Apparently I shouldn't bother sterilising bottles, at all, because they need some germs.
When ds was having normal soft yellow stools my sister decided he had diarrhoea.
Toilet training is another one that everyone had an opinion on with my eldest.
I shouldn't use grobags as his arms will get cold.
I should put rusks and baby rice in his bottle.
I try to just ignore it but it gets really annoying.
Hell yes! Parenting is the most competitive judgey thing I have ever known! Drives me nuts
I think most people who offer advice mean well and are trying to help, but I never ceased to be amazed by how judgemental people can be when it comes to parenting choices.
"Thanks for the advice, I'll bear it in mind"
And repeat every single time, without ever getting drawn into any kind of discussion about it. No need to explain your choices, or let anyone think it's a subject that's even up for discussion.
I agree so much unwanted advice and often from strangers.
Most of mine were things like 'babies need dummies, if you don't she'll such her thumb and you can't stop'-she didn't. 'You don't need to feed as often'; 'how can you tell she's having enough'. A neighbour advised cereal in a bottle at 2 weeks old to help her sleep.
Another mum at a group I went to was a know all and thought I was daft waiting until 6 months to wean and offered me a jar one day..... I nearly lost it that day.
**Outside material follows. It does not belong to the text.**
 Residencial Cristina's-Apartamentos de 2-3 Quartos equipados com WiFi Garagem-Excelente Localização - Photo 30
Anyway, ignore and do what you know is best for your baby.
Yes I do try to just smile and nod.
It does grate though.
I honestly wouldn't interfere in someone's parenting unless they actually asked for advice or it was something dangerous.
Yes, they do!
I'm still at some of the ridiculous and downright rude comments (and DD is 5 now) - merely for following current guidelines (weaning at 6 months is indeed a crazy notion to many) and/or making different choices to their own...
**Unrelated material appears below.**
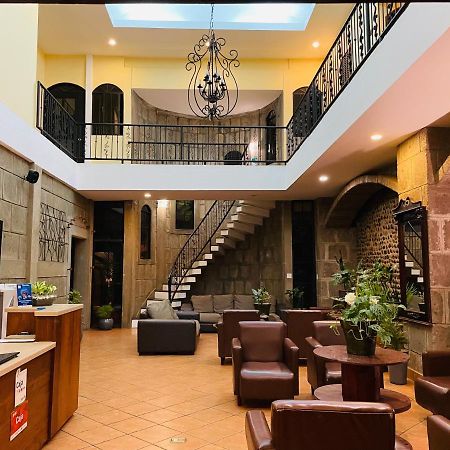 Hotel Leon Inn Экстерьер фото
The worst thing to do is to try to justify why you are doing x, y or z. Best advice I ever got was "nod your head in agreement then do your own thing". Has saved a lot of unsolicited advice.
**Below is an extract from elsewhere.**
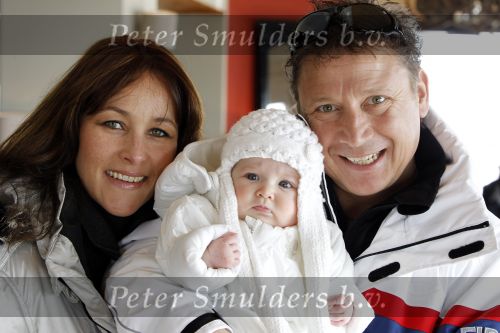 Blatten 23 februari 2010
Marco en Leontien Borsato op skivakantie met hun kinderen Luca Senna en Jada. Ook Armando Vanessa en Chiara Borsato zijn erbij . Moeder Mary was er ook bij.
Peter Smulders bv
I remember my DM was absolutely obsessed with my PBF getting "cooled boiled water" (it was never called just water) It was the answer to everything apparently, and the main reason that babies didn't sleep/thrive/stay well was because they weren't getting enough of it. She also had this obsession with boiling an onion and giving the water to PBF.
I will add though that the "guidelines" police are equally as annoying.
YANBU, my mother does this about other parents, I don't know what this thing is with milk chocolate being fine for a tiny baby "because it's milk isn't it"? No! No it is not.
I've told 2 people that DH and I are TTC, one sent me a article on how fertility doesn't decline til 35, so don't worry about putting it off (I'm 30) and one told me I need to put TTC " out of your mind because you're clearly getting anxious and that will interfere with getting pregnant". These people would generally not say things so directly to me, it's not a big deal at all its just slightly odd behaviour from them and the bloody child doesn't even exist yet!
What makes me laugh is when people who haven't even had kids try to give advice. Not directed at me thankfully but one of my friends with her first had lots and lots of
stupid advice off her SIL on what she should be doing with the baby. SIL had no children of her own or any professional training and used to get really narked off with my friend when she didn't follow the unsolicited advice she was being given.